El Gral. Salvador Cienfuegos, después de un mes de aprehensión en los Estados Unidos, fue liberado, regresó a su país y se encuentra en su casa. Por ahora, el personaje ha cesado como fuente de primicias varias para notas y especulaciones.
Dejemos entonces poner el foco en
la institución militar, en la corporación que presume el más alto espíritu de
cuerpo de México. De ella se dice que opera acatando las órdenes que le dicta
su jefe supremo. Nada de lo que hace el Ejército y la Marina está oculto a la
mirada del presidente en turno. Por ello se afirma que el responsable máximo
del actuar de las fuerzas armadas es su jefe supremo. Esta visión, en modo
alguno colectiva, incorpora la consistencia de un dogma y una certidumbre que
no alberga controversia. Por eso el fuero presidencial, en vías de extinción,
cubre con su manto protector a los militares, por razones de seguridad.

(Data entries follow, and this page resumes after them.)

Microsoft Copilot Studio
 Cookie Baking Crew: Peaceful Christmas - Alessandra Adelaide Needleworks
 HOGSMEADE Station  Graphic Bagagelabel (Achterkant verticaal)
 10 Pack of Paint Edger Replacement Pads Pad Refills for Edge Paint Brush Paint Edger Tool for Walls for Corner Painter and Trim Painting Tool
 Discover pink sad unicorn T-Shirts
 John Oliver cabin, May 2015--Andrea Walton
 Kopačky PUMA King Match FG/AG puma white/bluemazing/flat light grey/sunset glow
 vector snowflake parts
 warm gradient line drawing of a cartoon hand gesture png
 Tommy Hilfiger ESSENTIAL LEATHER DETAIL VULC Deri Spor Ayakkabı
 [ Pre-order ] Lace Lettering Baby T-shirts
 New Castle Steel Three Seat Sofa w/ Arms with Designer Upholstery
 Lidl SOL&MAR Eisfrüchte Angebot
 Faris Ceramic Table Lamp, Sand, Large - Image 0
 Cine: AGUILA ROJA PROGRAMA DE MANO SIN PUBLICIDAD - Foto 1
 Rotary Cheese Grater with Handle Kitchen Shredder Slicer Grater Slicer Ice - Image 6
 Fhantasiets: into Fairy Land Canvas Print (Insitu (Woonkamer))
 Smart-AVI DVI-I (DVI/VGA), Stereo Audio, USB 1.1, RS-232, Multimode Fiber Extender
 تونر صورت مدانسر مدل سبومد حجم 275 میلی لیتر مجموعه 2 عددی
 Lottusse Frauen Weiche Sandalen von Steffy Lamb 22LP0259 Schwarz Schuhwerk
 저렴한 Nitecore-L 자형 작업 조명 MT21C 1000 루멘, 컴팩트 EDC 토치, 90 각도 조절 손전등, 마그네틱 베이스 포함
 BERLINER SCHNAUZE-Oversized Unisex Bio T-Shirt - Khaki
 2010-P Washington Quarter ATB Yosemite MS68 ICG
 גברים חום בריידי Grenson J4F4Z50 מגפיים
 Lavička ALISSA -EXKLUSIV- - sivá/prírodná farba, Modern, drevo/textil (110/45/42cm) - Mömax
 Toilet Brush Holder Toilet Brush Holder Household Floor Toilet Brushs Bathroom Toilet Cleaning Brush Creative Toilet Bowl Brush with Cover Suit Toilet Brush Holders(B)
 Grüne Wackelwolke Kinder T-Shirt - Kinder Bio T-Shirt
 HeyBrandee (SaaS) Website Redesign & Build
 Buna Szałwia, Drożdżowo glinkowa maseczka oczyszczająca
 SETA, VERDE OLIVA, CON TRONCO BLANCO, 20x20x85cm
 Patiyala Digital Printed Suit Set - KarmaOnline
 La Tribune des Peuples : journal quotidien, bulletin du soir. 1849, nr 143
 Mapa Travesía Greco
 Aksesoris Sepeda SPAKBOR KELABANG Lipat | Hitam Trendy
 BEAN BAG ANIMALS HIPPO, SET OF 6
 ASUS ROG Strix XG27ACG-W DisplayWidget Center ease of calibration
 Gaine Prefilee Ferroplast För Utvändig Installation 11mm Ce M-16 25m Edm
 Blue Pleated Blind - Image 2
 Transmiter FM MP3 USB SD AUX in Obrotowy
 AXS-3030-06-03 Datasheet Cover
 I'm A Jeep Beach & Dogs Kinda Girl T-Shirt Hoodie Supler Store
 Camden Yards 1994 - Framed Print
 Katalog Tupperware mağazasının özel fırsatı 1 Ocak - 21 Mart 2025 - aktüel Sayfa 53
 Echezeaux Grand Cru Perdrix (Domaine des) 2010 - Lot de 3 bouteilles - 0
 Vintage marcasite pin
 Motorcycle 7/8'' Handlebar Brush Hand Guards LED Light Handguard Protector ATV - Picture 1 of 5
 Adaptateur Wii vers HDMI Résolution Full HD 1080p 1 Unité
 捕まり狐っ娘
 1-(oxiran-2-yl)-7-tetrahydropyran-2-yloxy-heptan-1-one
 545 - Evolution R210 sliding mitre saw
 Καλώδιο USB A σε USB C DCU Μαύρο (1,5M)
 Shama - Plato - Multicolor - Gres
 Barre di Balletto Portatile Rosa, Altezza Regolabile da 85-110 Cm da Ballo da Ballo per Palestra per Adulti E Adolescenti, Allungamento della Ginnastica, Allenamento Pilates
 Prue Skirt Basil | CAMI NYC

Si al dogma es aceptado entonces
se puede considerar que cada presidente deja una impronta en las fuerzas
armadas, ya acentuando una orientación represiva o una tendencia de auxilio
hacia la población civil. Con sus decisiones el Ejecutivo engrandece o
ensombrece a la institución militar. No es ella, es él.
Ahí está el terrible capítulo de la guerra contra el narcotráfico que declaró Felipe Calderón. Sabemos que dejó miles de muertos y desaparecidos, hogares truncos. Resultado de esa estrategia siguen convulsionadas no pocas localidades. Lo que desconocemos es la documentación de instrucciones presidenciales extendidas en el cauce de esa mal llamada guerra. Se olvida que la institución militar fue llevada a ese conflicto sin protección legal, guerra en la que el secretario de seguridad de Calderón, Genaro García Luna, estaba al servicio de narcotraficantes. Así, ni como ganar, ni como poner a salvo el prestigio de las fuerzas armadas. A otras generaciones les tocará acceder a la información reservada hasta ahora y que se abrirá con la llave del tiempo.